Заброшенный подвальчик провинциального украинского городка ровно двадцать лет назад стал нашим дискуссионным клубом, где идеи коммунизма и анархии пылали в предчувствии неизбежного скорого торжества. «Грядущая социальная революция» воспринималась как апокалипсис.
Незадолго до этого наш покойный ныне «отец-основатель», Николай Михайлович Озимов, сколотил из нас региональную ячейку КАС, а заодно и стайку «волков-оборотней», как того требовали его принципы языческого анархизма. Небольшое ритуальное кровопускание в полночь на кладбище, как водится (легкий надрез за ухом), и томик Петра Ткачева под мышку.
«Мать-земля… диалектика… воровство – не грех… трудовой народ… анархист в первую очередь должен быть актером… учиться-учиться-учиться».
Социальная революция не приближалась… По мере того, как гасли эмоции, все более насущным становился вопрос самопросвещения. Мне, допустим, на тот момент юному рабочему мебельной фабрики, немногое было понятно из того, о чем мы говорили. Парочка посыльных периодически электричками ездила в Москву (сутки туда – сутки назад), возвращаясь с рюкзаками забитыми литературой. Но шпана окраин не могла потянуть Маркса и Лукача – возникла необходимость латать дыры школьного образования. Затерянный в украинской провинции осколок КАС замкнулся на учебе. Преподаватели-пенсионеры с удовольствием принимали приглашения – им явно льстило внимание.
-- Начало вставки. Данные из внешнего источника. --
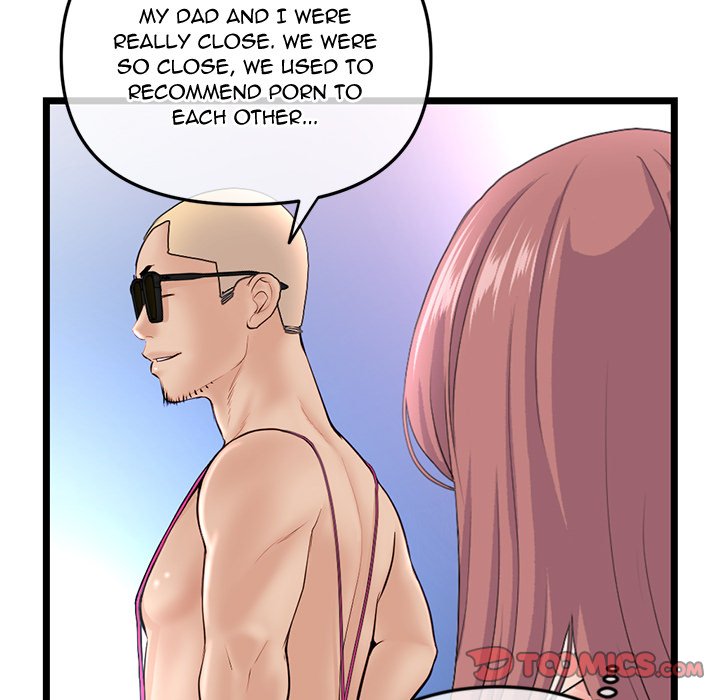 Midnight PC Cafe chapter 59 page 147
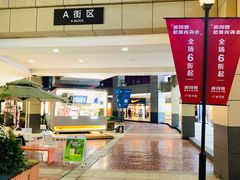 -首创奥特莱斯(昆山店)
Спившийся букинист встряхивал свои познания восточной поэзии (главное было налить уже после). Полусумасшедший художник просил помочь сооружать и сваривать собственные инсталляции – взамен ускоренный курс искусствоведения.
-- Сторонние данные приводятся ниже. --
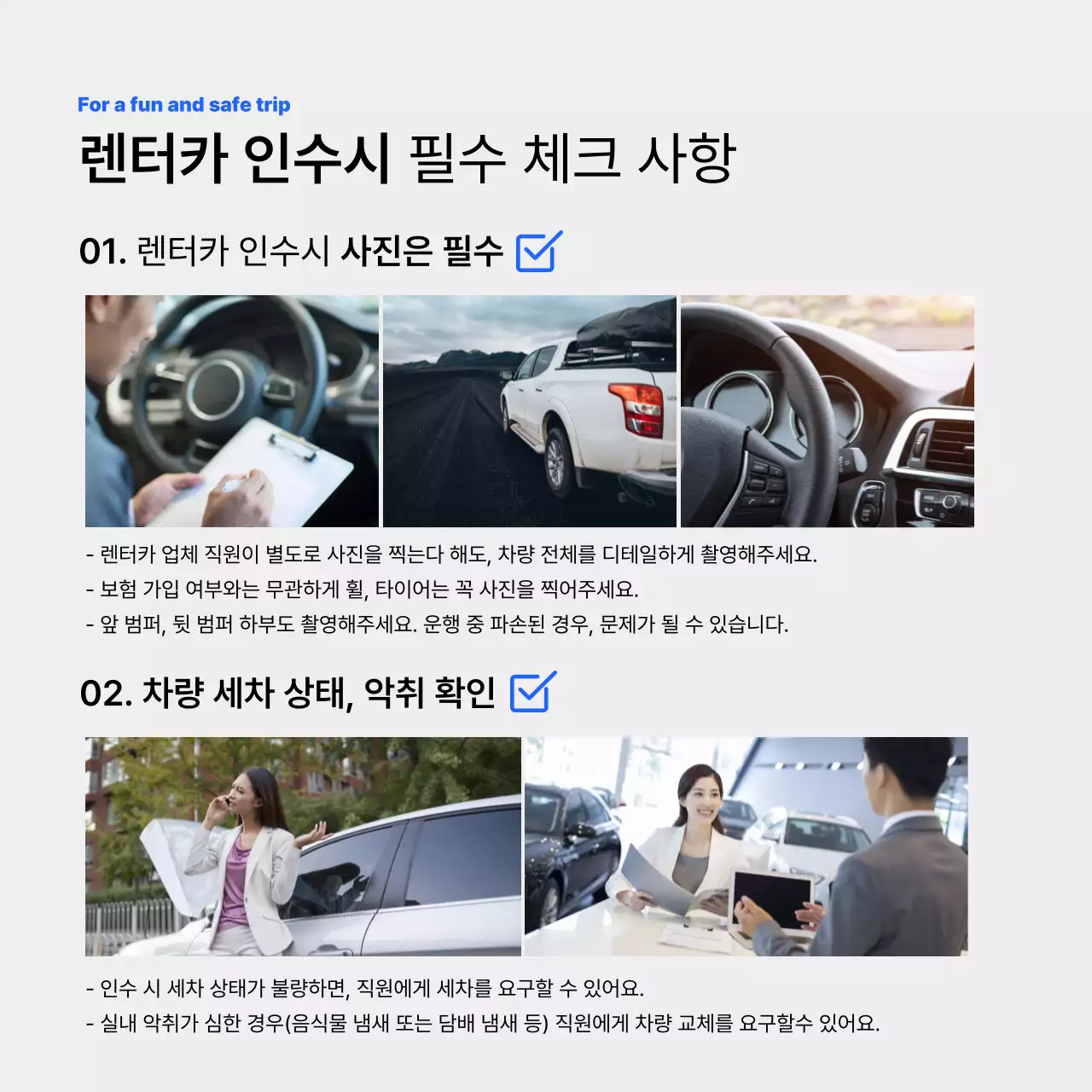 파란색과 보라색의 렌터카 카드뉴스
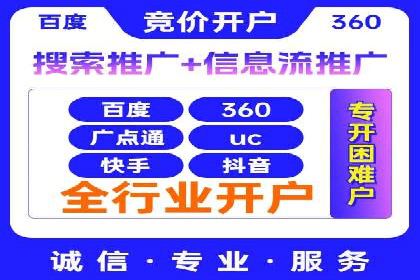 案例分享：如何成功在百度推广开户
Как-то незаметно «революционная деятельность» отходила на второй план, ограничиваясь несколько ритуальными первомайскими демонстрациями и спорадическими пикетами солидарности. Затем городок перестал обращать на нас внимание, мы стали как бы его атрибутом. Карнавальные шествия воспринимались без агрессии – как должное. «Прогул» одной демонстрации как-то вызывал звонок службы безопасности: «Жаль, без вас скучно».
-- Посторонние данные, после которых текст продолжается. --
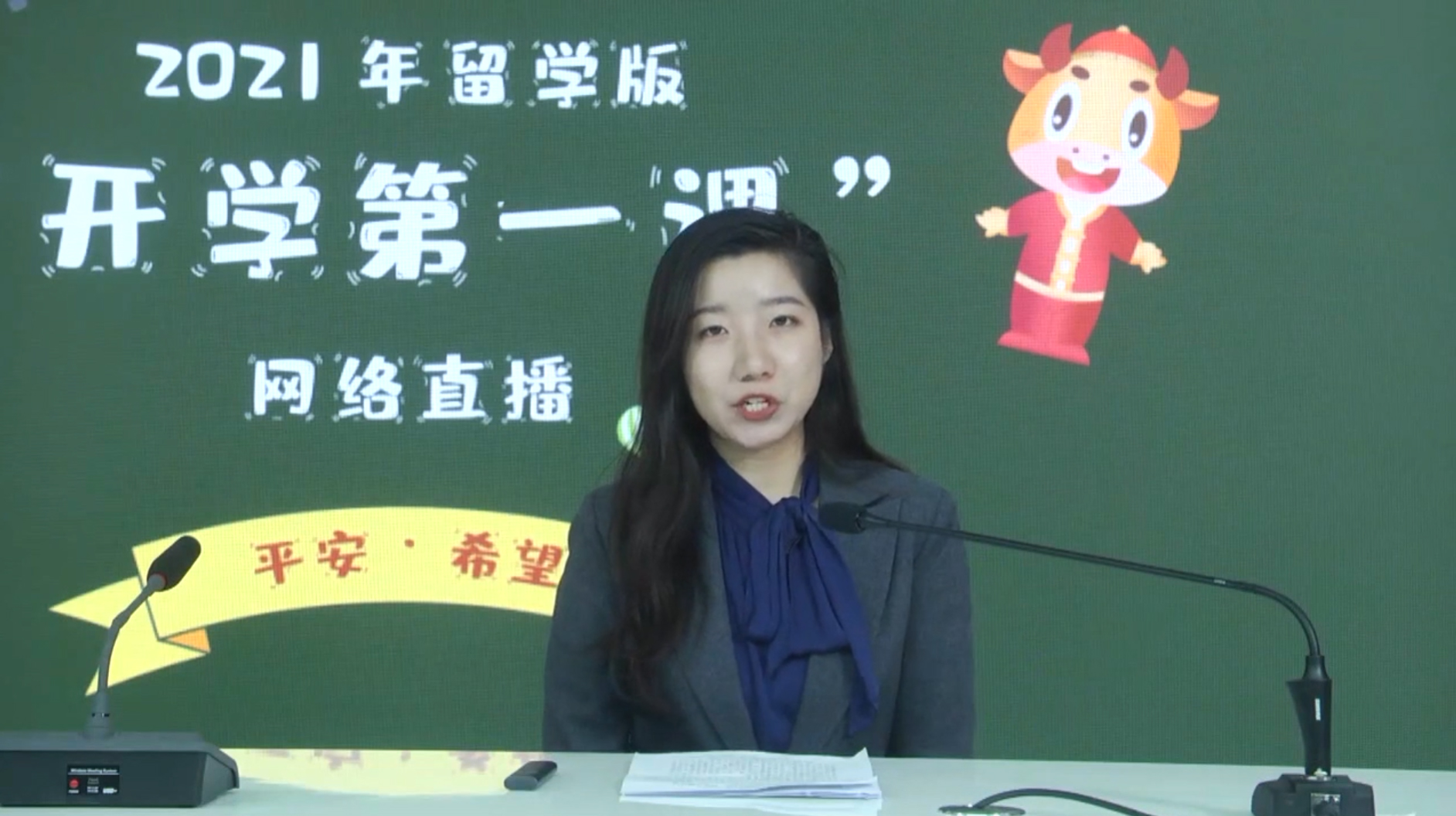 領保 2021年海外留學人員“留學版開學第一課”網絡直播視頻活動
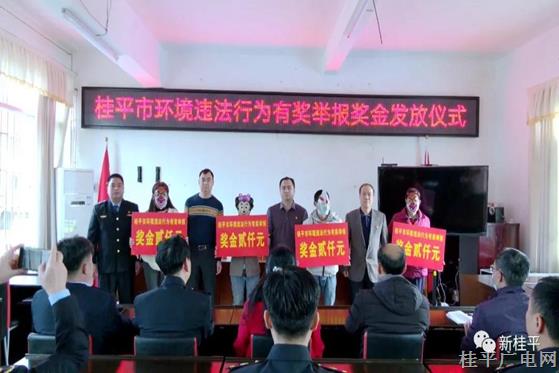 贵港市桂平生态环境局对四名举报环境违法行为者进行奖励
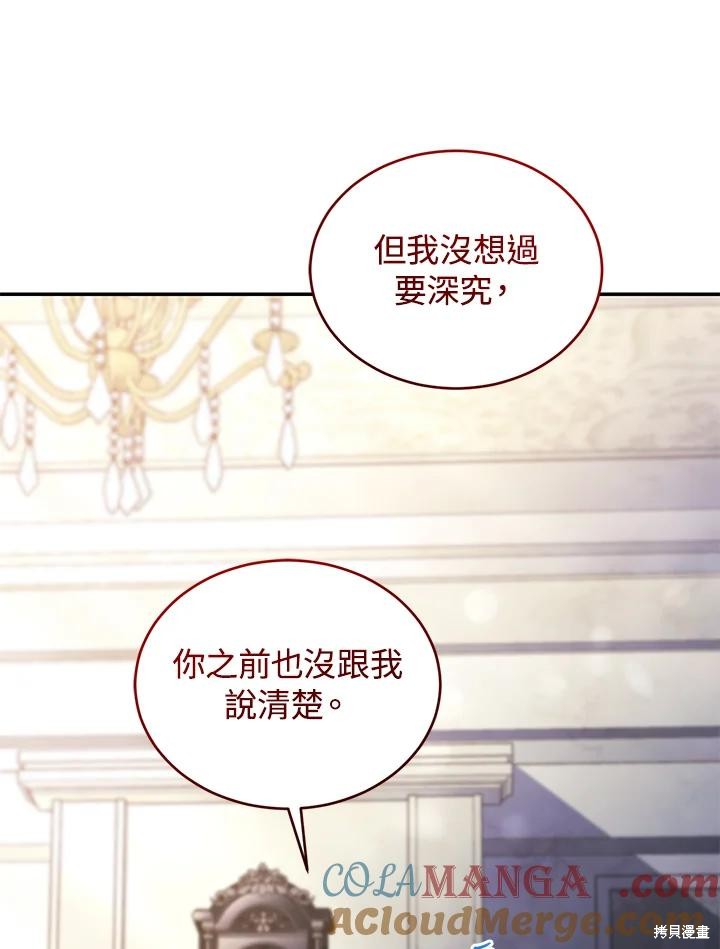 重置小姐第77话在线观看 - 第121张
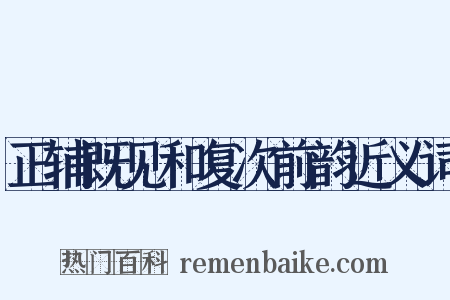 正辅既见和复次前韵近义词是什么意思的图片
Затем мы узнали, что мы «антиглобалисты», потом, что все-таки – «альтерглобалисты».
Но главным стало (причем как-то незаметно): оптика и палеоботаника, ковроткачество и гибридизация растений. И все же, «уличный университет» не мог заменить государственного… и «волчата» поступали в вузы по жребию. И тогда мы столкнулись с основной проблемой – миграцией кадров. Ростки неонацизма в городке тогда удавалось подавлять ненасильственными методами, от милицейского произвола мы практически не страдали (отдельные случаи не были связаны с политической деятельностью).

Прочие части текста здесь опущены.